Guitar Player broke a longstanding precedent with the May 1986 Eric Johnson cover story. Until then, a hard-and-fast rule held that players couldn’t be considered for covers unless a reader could go to a record store and purchase their albums. When we decided to put Eric on the cover, his recording credits consisted of guest appearances on LPs by Carol King, Christopher Cross, and Steve Morse; the out-of-print Electromagnets album and Mariani’s hard-to-find Perpetuum Mobile; and a spectacular 1984 televised performance on Austin City Limits.
In late 1985, Eric’s manager Joe Priesnitz sent me an advanced cassette of Eric’s Tones album, which Reprise Records had scheduled for a June release. When Tom Wheeler and I heard it, we were stunned. As I wrote in the intro to Eric’s debut cover story, “His playing blends deep emotion with wide-ranging technical finesse. He often highlights intriguing chord voicings, and his solos are consistently brilliant and packed with feeling. The album’s collage of guitar tones range from purest-of-pure Strat to Hendrix psychedelia to majestic, violin-like textures.” We talked our publisher, Jim Crockett, into featuring Eric on the cover before his debut solo album hit the record racks.
Eric and I had done a 90-minute phone interview four years earlier, based on the strength of an unreleased demo tape he’d sent me called Seven Worlds. At the time, he was basically laboring in obscurity in his hometown of Austin, Texas (read it here: Eric Johnson: Our Complete 1982 Interview).
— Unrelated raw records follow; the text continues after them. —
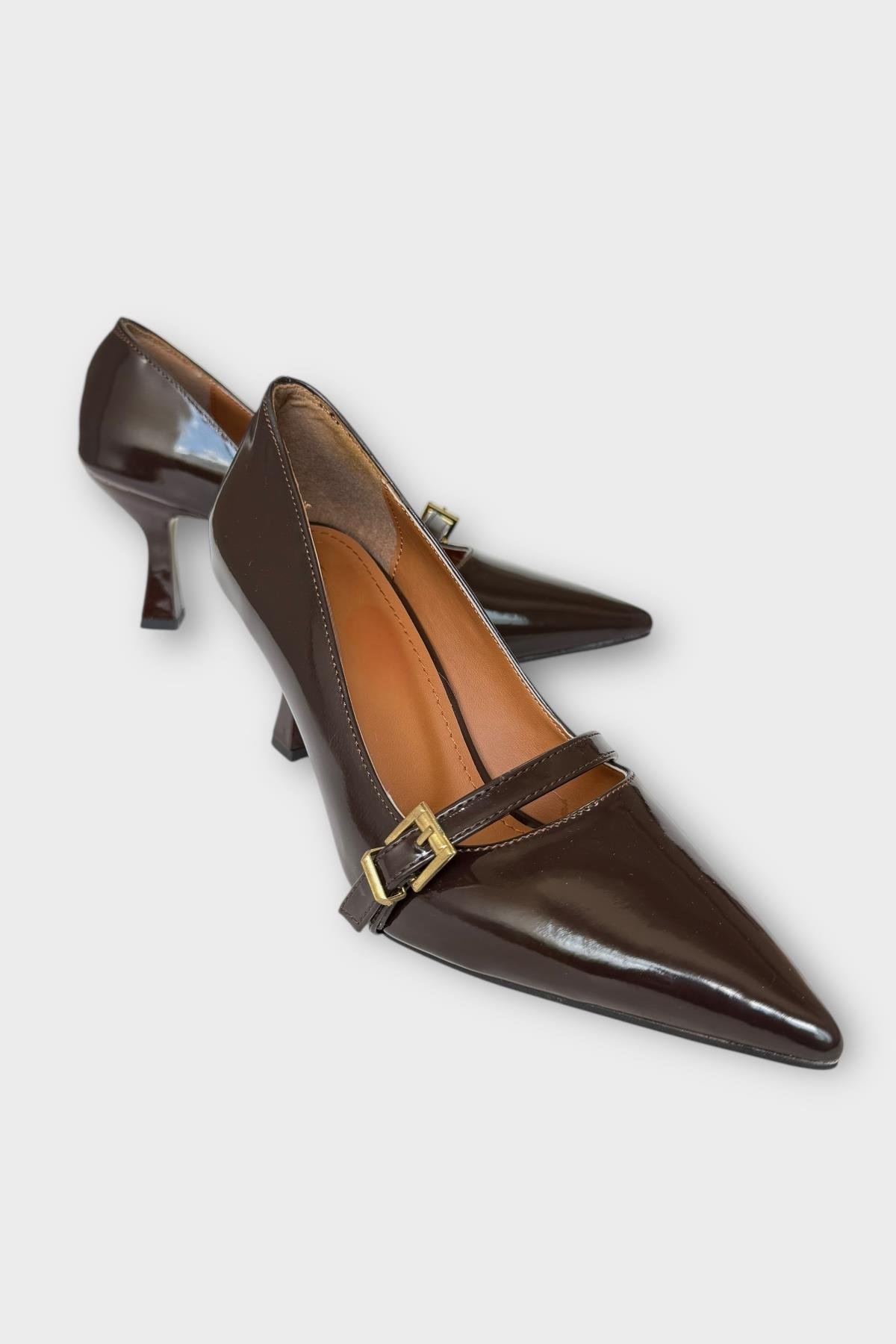 Kadın Tek Bant Tokalı Sivri Burun Topuklu Ayakkabı KAHVERENGİ - Görsel 3
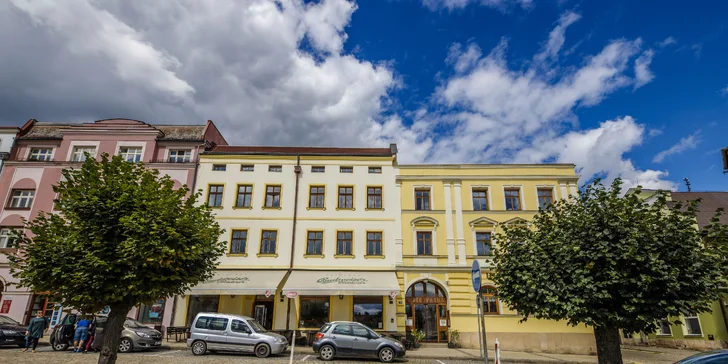 Parkování před hotelem a na monitorovaném parkovišti je za poplatek 60 Kč/noc, na městském parkovišti zaparkujete zdarma. 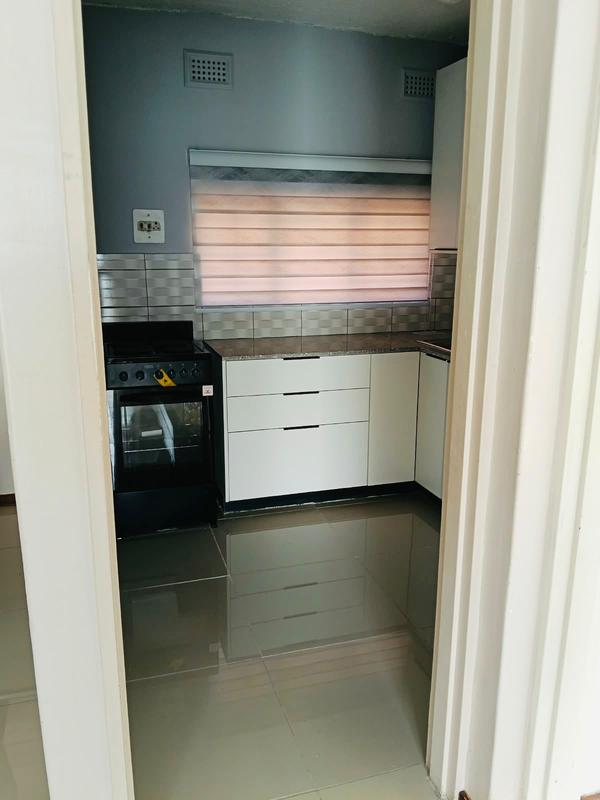 To Let 1 Bedroom Property for Rent in Montclair KwaZulu-Natal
We met in person for the first time in late January 1986, when we spent two days together doing the cover interview and photo shoot. (Here’s the audio: Eric Johnson: The Complete 1986 “Tones” Interview.)
I was happy to learn that beyond being a fabulous musician, Eric’s an extraordinarily earnest, thoughtful, humble, and nice human being. Through his bandmates I also heard that he has perfect pitch. One example cited by drummer Tommy Taylor: As the band was leaving the studio one day to take a lunch break, a garbage man tossed an empty trash can back onto the street. As he heard it bounce on the ground, Eric called out “C#.”
We met with Mary Beth Greenwood for the photo shoot. While Mary Beth finished setting up her equipment, Eric was noodling around on his plugged-in Stratocaster. We’d been talking about Jimi Hendrix, and I casually said, “I wonder how Jimi would have played ‘Amazing Grace.’” Eric immediately launched into that famous old song, sounding just like Jimi Hendrix might have if he’d channeled the gentle approach heard on “Little Wing.” As Eric finished, I said, “How about Wes Montgomery?” Same thing—Eric’s thumbed octaves sent shivers up my spine.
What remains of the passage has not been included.